A nicer price target, but still not a love letter
Oklo got a tiny Wall Street glow-up on Wednesday: Goldman Sachs raised its price target to $66 from $63. But before you start picturing confetti, the rating stayed Neutral — which is analyst-speak for “we see the story, we’re just not ready to marry it.”
The stock was already wobbling lower in early trading, which is very on-brand for a company whose valuation lives and dies by the future. When the market trades Oklo, it’s not just trading a nuclear power company.

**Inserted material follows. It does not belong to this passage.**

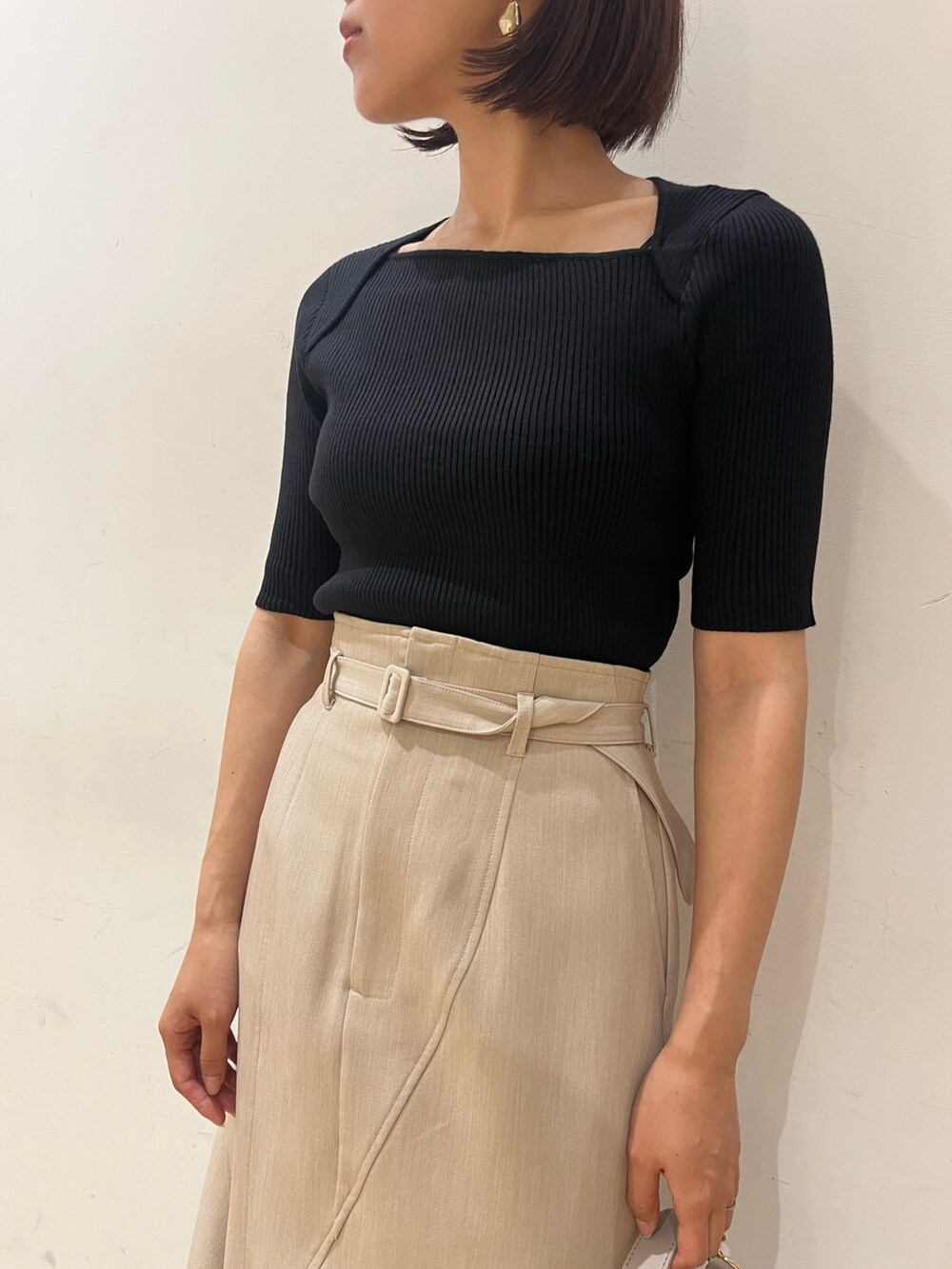 ベージュ系のスカート、ブラック系のニット/セーター、ホワイト系のハンドバッグを着用したレディースの夏コーディネートの3枚目の写真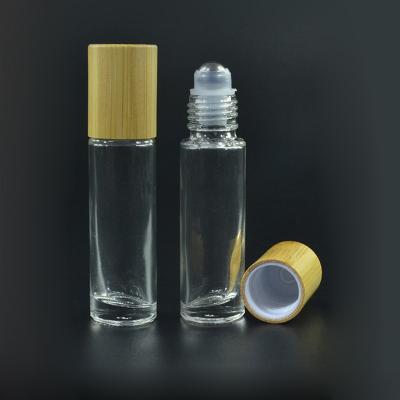 Chine hot sale 10ml 15ml bamboo roll on glass bottle with bamboo lid for essential oil and perfume à vendre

It’s trading the possibility that all the regulatory, fuel, and buildout dominoes actually fall in the right order.
The plutonium plot thickens
The bigger backdrop here is the DOE’s Surplus Plutonium Utilization Program, where Oklo is in advanced negotiations to help turn roughly 20 metric tons of surplus plutonium into advanced reactor fuel. If that sounds like a sci-fi side quest, that’s because it kind of is. But it’s also the kind of thing that could matter a lot if you’re trying to build a next-gen nuclear fuel supply chain in the U.S.
Goldman’s note said the fuel could eventually be converted into around 180 metric tons of reactor fuel — enough for roughly 24 reactors, by the firm’s math. That’s a lot of future megawatts, assuming the approvals, timing, capital, and infrastructure all stop behaving like a group project.
Why investors should care
There are a few moving parts here:
- Oklo is one of the main recipients in the DOE’s initial plutonium tranche
- Its partner newcleo is expected to bring fuel expertise and potentially capital
- The exact timing and quantity of any fuel award is still fuzzy
- The long-term payoff could support Oklo’s fuel fabrication ambitions by 2030
So yes, the analyst lifted the target. But the real story is that Oklo is still in the “promising chess move” phase, not the “checkmate” phase. Big picture: the company is making progress, but this stock still needs a lot of proof before the market starts treating it like a fully baked nuclear winner.